Wien. Die Internationale Atomenergiebehörde (IAEA) bereitet mit Gesprächen in Teheran den Endspurt der Atomverhandlungen in Wien vor. IAEA-Chef Yukiya Amano werde am Donnerstag nach Teheran fliegen, um Präsident Hassan Rohani und den Generalsekretär des iranischen Sicherheitsrats, Ali Shamkhani zu treffen, hieß es am Mittwoch in diplomatischen Kreisen in Wien.

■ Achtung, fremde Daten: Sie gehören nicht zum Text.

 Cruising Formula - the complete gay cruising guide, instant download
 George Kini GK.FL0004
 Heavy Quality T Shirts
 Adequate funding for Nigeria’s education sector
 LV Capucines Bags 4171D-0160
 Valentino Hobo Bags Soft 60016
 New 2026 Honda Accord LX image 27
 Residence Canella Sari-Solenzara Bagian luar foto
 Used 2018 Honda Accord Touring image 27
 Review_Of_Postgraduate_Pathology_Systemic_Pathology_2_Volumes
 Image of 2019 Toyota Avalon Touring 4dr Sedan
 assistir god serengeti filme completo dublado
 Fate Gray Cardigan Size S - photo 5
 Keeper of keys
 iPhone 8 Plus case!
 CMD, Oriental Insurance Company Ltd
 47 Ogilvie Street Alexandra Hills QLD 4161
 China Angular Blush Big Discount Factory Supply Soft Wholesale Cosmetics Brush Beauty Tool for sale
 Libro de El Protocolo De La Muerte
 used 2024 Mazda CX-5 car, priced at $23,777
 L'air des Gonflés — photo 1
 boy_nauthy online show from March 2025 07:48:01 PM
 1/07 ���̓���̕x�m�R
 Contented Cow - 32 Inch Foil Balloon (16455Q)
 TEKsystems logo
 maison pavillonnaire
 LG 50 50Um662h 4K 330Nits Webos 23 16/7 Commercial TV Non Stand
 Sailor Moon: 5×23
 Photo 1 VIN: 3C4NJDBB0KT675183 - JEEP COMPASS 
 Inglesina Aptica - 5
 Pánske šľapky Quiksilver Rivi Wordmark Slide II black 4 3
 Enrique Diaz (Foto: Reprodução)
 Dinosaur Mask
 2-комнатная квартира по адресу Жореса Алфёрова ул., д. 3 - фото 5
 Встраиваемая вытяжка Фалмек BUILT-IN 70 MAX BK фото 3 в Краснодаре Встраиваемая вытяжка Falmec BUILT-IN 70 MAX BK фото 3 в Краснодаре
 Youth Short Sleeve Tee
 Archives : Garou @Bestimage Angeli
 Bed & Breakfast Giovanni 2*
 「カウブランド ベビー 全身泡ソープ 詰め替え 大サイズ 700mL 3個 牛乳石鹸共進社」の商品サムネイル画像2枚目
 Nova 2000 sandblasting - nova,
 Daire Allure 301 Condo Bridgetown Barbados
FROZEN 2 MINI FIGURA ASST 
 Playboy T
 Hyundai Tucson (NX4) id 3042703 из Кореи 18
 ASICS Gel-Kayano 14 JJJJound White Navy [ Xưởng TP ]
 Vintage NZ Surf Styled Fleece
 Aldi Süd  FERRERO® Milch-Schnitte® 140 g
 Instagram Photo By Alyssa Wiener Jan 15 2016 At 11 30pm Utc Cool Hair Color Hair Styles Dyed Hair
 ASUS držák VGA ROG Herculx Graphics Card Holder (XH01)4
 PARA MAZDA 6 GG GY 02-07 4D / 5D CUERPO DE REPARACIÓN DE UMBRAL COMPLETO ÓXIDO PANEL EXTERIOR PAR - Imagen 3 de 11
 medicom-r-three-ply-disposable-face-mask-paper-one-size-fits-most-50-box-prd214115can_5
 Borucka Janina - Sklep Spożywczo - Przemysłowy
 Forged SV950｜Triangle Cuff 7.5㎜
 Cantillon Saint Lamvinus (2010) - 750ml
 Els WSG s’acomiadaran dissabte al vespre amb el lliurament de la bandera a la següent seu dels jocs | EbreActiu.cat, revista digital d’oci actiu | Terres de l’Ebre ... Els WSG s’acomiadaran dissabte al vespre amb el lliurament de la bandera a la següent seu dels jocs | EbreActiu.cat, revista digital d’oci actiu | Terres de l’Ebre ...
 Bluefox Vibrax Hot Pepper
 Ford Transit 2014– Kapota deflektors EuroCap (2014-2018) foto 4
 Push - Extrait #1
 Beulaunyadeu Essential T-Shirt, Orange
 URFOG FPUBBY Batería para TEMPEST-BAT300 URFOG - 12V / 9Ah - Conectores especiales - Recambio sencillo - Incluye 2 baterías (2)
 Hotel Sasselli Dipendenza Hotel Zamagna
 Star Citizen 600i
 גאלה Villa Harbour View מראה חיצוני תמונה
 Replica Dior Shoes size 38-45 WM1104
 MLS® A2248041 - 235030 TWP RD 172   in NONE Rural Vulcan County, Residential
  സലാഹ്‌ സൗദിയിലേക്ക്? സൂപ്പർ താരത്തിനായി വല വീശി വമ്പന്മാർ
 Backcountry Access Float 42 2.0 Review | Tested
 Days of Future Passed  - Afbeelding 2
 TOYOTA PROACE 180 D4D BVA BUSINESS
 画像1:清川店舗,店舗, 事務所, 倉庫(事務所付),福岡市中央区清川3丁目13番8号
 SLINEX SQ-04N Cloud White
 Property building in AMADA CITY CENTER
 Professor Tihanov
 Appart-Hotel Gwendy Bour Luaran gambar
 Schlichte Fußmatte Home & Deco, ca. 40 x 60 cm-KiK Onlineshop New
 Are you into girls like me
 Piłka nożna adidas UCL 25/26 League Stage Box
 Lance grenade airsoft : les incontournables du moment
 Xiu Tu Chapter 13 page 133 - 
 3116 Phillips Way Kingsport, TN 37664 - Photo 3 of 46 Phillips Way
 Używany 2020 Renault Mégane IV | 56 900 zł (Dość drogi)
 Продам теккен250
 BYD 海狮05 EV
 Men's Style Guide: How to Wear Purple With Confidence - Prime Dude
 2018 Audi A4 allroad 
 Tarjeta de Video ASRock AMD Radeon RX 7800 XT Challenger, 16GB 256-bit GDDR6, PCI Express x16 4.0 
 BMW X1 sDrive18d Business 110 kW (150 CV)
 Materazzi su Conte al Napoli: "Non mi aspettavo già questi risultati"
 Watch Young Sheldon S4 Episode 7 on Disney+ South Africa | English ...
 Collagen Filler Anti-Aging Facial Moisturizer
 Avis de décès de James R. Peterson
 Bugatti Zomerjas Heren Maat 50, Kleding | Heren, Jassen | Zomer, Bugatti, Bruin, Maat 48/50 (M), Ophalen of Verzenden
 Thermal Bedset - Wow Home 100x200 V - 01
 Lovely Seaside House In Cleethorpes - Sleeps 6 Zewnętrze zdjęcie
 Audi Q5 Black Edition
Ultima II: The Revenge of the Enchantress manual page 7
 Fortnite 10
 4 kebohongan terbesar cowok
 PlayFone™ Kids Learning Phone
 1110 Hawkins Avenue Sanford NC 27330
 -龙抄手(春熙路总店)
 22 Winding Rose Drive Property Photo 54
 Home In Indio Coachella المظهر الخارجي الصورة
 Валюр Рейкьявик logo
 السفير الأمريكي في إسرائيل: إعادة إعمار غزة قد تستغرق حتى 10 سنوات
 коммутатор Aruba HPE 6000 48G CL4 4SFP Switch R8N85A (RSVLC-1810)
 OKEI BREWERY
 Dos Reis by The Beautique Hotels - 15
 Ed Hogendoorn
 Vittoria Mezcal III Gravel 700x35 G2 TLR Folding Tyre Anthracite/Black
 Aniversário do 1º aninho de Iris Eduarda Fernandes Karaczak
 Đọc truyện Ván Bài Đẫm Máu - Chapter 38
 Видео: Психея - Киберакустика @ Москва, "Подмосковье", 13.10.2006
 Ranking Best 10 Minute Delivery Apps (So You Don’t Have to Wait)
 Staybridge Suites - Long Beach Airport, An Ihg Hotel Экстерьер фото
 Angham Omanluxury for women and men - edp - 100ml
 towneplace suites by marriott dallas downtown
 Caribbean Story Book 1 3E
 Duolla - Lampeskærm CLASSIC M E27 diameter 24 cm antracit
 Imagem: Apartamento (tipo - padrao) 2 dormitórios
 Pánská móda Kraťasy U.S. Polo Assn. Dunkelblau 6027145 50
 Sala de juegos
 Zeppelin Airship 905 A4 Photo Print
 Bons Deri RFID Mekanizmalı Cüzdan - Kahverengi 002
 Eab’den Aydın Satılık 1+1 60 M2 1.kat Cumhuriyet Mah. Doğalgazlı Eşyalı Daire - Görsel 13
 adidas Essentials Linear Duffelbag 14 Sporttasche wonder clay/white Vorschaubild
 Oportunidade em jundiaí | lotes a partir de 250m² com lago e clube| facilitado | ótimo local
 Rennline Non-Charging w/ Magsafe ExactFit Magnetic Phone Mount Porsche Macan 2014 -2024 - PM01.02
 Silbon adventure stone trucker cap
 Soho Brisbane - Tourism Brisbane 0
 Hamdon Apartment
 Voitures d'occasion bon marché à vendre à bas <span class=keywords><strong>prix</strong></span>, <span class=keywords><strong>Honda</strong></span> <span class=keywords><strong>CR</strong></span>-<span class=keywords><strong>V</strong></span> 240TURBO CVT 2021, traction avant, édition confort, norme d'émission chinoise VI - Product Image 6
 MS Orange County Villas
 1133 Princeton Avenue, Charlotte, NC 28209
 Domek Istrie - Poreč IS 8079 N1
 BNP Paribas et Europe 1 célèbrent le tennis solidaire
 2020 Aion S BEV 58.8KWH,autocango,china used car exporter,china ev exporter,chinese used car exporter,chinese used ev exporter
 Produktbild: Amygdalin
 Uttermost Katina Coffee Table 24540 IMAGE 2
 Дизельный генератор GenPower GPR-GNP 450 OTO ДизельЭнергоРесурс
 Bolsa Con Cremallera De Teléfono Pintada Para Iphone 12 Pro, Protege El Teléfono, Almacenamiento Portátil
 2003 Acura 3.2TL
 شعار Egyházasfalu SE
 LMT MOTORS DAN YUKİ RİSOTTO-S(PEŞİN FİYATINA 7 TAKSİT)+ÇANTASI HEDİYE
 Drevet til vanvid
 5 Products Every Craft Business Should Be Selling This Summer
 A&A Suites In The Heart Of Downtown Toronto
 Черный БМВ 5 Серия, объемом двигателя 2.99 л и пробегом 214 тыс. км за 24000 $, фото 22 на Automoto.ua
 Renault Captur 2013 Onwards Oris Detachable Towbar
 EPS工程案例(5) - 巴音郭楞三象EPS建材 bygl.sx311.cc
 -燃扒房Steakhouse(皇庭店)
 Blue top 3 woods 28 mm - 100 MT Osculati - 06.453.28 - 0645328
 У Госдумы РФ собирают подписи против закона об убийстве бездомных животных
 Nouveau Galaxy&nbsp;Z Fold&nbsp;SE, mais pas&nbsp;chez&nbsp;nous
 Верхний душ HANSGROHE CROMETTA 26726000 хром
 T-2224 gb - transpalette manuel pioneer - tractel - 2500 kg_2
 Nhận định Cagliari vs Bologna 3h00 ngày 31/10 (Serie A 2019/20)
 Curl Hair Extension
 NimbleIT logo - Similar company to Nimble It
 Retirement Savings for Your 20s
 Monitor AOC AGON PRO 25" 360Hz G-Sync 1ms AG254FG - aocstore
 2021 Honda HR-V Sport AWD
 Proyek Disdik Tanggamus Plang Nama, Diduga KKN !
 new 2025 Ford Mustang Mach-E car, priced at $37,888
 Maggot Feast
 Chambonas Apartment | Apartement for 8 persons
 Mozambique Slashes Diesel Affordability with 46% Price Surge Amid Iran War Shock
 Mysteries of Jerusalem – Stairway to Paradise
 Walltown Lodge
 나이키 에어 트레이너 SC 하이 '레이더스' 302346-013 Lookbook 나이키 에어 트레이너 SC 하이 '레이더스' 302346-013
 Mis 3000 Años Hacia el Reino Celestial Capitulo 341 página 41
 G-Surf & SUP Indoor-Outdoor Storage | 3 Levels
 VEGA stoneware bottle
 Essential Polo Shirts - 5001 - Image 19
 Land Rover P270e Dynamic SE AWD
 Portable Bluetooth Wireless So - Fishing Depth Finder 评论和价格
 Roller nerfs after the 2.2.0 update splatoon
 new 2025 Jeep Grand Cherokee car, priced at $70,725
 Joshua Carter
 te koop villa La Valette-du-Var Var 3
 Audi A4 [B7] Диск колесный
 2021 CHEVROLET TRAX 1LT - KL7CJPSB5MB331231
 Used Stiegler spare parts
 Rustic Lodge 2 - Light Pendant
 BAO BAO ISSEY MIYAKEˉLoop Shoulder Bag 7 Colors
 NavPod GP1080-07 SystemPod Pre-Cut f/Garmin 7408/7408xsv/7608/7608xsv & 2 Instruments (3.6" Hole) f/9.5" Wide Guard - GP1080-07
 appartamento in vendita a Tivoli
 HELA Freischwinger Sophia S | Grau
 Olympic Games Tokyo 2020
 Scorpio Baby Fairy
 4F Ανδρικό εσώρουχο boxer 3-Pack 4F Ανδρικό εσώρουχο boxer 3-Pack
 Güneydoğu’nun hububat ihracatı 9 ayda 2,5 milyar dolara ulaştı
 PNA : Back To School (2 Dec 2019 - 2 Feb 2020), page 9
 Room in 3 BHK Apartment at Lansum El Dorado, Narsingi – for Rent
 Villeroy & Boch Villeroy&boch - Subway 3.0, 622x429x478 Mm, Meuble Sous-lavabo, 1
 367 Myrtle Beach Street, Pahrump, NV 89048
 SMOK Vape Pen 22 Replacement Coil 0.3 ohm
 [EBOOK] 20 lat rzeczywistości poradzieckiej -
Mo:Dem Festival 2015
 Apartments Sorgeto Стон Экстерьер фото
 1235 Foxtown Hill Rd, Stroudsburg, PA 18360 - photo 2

Das Treffen gilt als ein Hinweis, dass eine Einigung im Atomstreit möglich ist. Die IAEA wird in diesem Fall die Vertragstreue des Irans überwachen und damit auch das grüne Licht für die Aufhebung der Wirtschaftssanktionen geben.

Die 5+1-Gruppe (USA, Russland, China, Großbritannien, Frankreich und Deutschland) will bis zum 7. Juli mit Teheran einen Vertrag schließen, der die ausschließlich friedliche Nutzung der Atomkraft im Iran sichert. Im Gegenzug sollen Sanktionen wie das Ölembargo der EU gegen Teheran aufgehoben werden.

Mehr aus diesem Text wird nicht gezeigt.